Scenario 1: GDS / IATA Net-Rate Tickets (Principal Model)
A GDS consolidator is a third-party service provider that supplies discounted air tickets at net rates to travel agents for resale. When a travel agent purchases a ticket at a net rate from a GDS consolidator (Amadeus, Sabre, Galileo) or directly through IATA, the agent is acting as a Principal — buying and reselling the ticket.
How the Tax Works
- •GST Rate: 5% on the base fare (no Input Tax Credit available)
- •Taxable Value: The base fare of the ticket (excluding airport taxes like YQ, YR, PSF, UDF)
- •What the customer sees: Total ticket price + 5% GST on base fare
Base Fare = ₹5,000
Airport Taxes (YQ) = ₹2,500
GST @5% = ₹5,000 × 5% = ₹250
Customer Invoice = ₹5,000 + ₹2,500 + ₹250 = ₹7,750
CGST = ₹125 | SGST = ₹125 (intra-state)
— or —
IGST = ₹250 (inter-state)Scenario 2: LCC / Standard Booking (Pure Agent Model)
When a travel agent books a ticket on behalf of a customer from a low-cost carrier (IndiGo, SpiceJet, Air India Express) or any airline where the agent earns a commission or charges a service fee, the agent is acting as a Pure Agent.
How the Tax Works
- •GST Rate: 18% — but only on the service fee / commission, not the ticket price
- •Taxable Value: Only the agent's service fee or processing charge
- •Ticket cost: Passed through as a reimbursement (not taxable under Pure Agent)

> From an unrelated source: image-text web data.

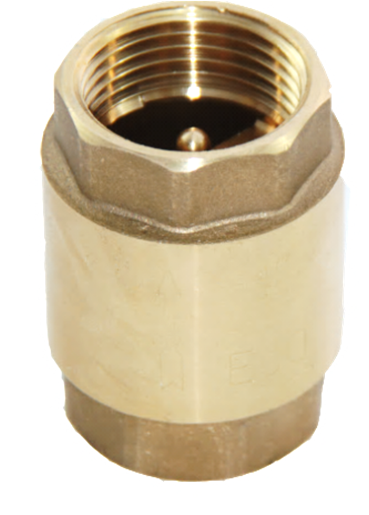 Обратный клапан с лат. штоком 15 1/2 STA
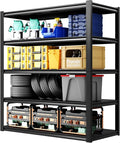 59.1" W x 19.7" D Garage Shelving, 3000LBS Heavy Duty Metal Shelves, Adjustable by FogQueen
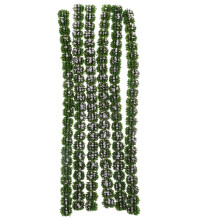 6Pz Arbusti Finti Bianchi Flessibili Per Miniature Giardini E Diorami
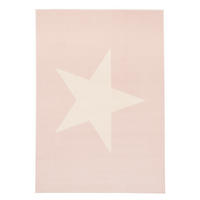 KINDER UND JUGEND TEPPICH TRENDLINE STERN PASTELL - Rosa, Textil (140/200cm) - Pergamon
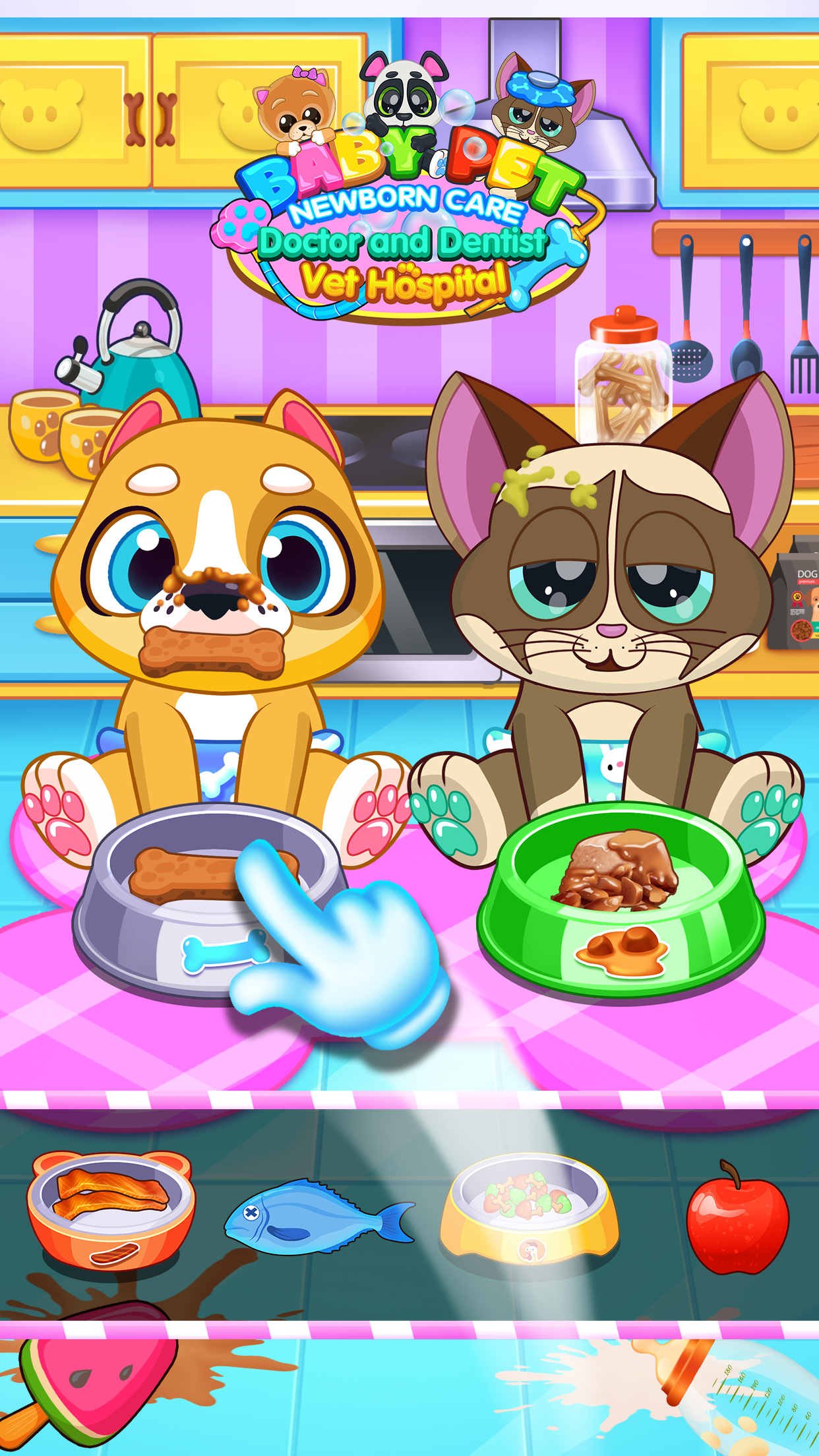 اسکرین شات 4 بازی Baby Pet Doctor Dentist Salon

Ticket Cost (reimbursement) = ₹4,200
Agent Service Fee = ₹500
GST @18% on Service Fee = ₹500 × 18% = ₹90
Customer Invoice = ₹4,200 + ₹500 + ₹90 = ₹4,790
CGST = ₹45 | SGST = ₹45 (intra-state)
— or —
IGST = ₹90 (inter-state)Scenario 3: Agent Charges a Markup Over the Ticket
Some agents add a markup to the ticket price rather than a transparent service fee. In this case, the billing model determines the GST treatment:
Vendor Net Rate = ₹5,000
Agent Markup = ₹800
Selling Price = ₹5,800
GST @5% = ₹5,800 × 5% = ₹290
Customer pays = ₹5,800 + Airport Taxes + ₹290Ticket at Cost = ₹5,000 (reimbursement — no GST)

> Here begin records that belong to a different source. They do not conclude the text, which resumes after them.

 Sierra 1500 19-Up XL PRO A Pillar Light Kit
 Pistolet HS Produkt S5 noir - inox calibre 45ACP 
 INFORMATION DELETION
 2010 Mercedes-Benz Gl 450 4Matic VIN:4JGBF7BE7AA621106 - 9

Processing Charge = ₹800 (this IS the markup, shown as fee)
GST @18% = ₹800 × 18% = ₹144
Customer pays = ₹5,000 + Airport Taxes + ₹800 + ₹144CGST/SGST vs IGST: The State Split
GST is further split based on whether the transaction is intra-state or inter-state:
- •Intra-state (agency and customer in same state): GST is split equally into CGST + SGST. E.g., 18% = 9% CGST + 9% SGST
- •Inter-state (different states): Full rate charged as IGST. E.g., 18% IGST
- •Determination: Based on the Place of Supply rules — the state of the customer's GSTIN (B2B) or the agency's location (B2C)
Service Fee = ₹500, GST Rate = 18%
Intra-state (same state):
CGST = ₹500 × 9% = ₹45
SGST = ₹500 × 9% = ₹45
Inter-state (different states):
IGST = ₹500 × 18% = ₹90International Tickets & TCS
Tax Collected at Source (TCS) is a 5% tax collection mechanism applicable to international tour packages exceeding ₹7 lakh annually under the Liberalized Remittance Scheme (LRS). For international air tickets, this additional compliance layer applies on top of GST.
Base Fare = ₹25,000
Airport Taxes = ₹8,000
GST @5% = ₹25,000 × 5% = ₹1,250
TCS @5% = (₹25,000 + ₹8,000) × 5% = ₹1,650
Customer Invoice = ₹25,000 + ₹8,000 + ₹1,250 + ₹1,650 = ₹35,900The Manual Way vs The MoonTrip Way
The Manual Spreadsheet Approach
To calculate Air GST manually, a travel agent must:
- •Identify whether the ticket is GDS net-rate or LCC/commission-based
- •Separate base fare from airport taxes (YQ, YR, PSF, UDF, K3)
- •Determine the billing model (Pure Agent vs Principal)
- •Apply the correct GST rate (5% on base fare OR 18% on service fee)
- •Check the customer's GSTIN to determine CGST/SGST vs IGST split
- •Add TCS if international and applicable
- •Categorize as B2B or B2C for GSTR-1 filing
- •Track the service fee separately for Input Tax Credit claims
GSTR-1 and GSTR-3B: How Air Tickets Appear
In your GST returns, air ticket transactions appear differently based on the billing model:
- •GSTR-1 (Outward Supply): B2B invoices with customer GSTIN appear in Table 4A. B2C invoices appear in Table 7/8 based on invoice value. HSN/SAC code 996411 for air transport services.
- •GSTR-3B (Summary Return): Total taxable value, CGST, SGST, IGST reported in Table 3.1. Pure Agent reimbursements are excluded from taxable turnover.
- •Input Tax Credit: Under Principal @5%, no ITC is available. Under Pure Agent @18%, ITC can be claimed on the GST paid on your service fee-related expenses.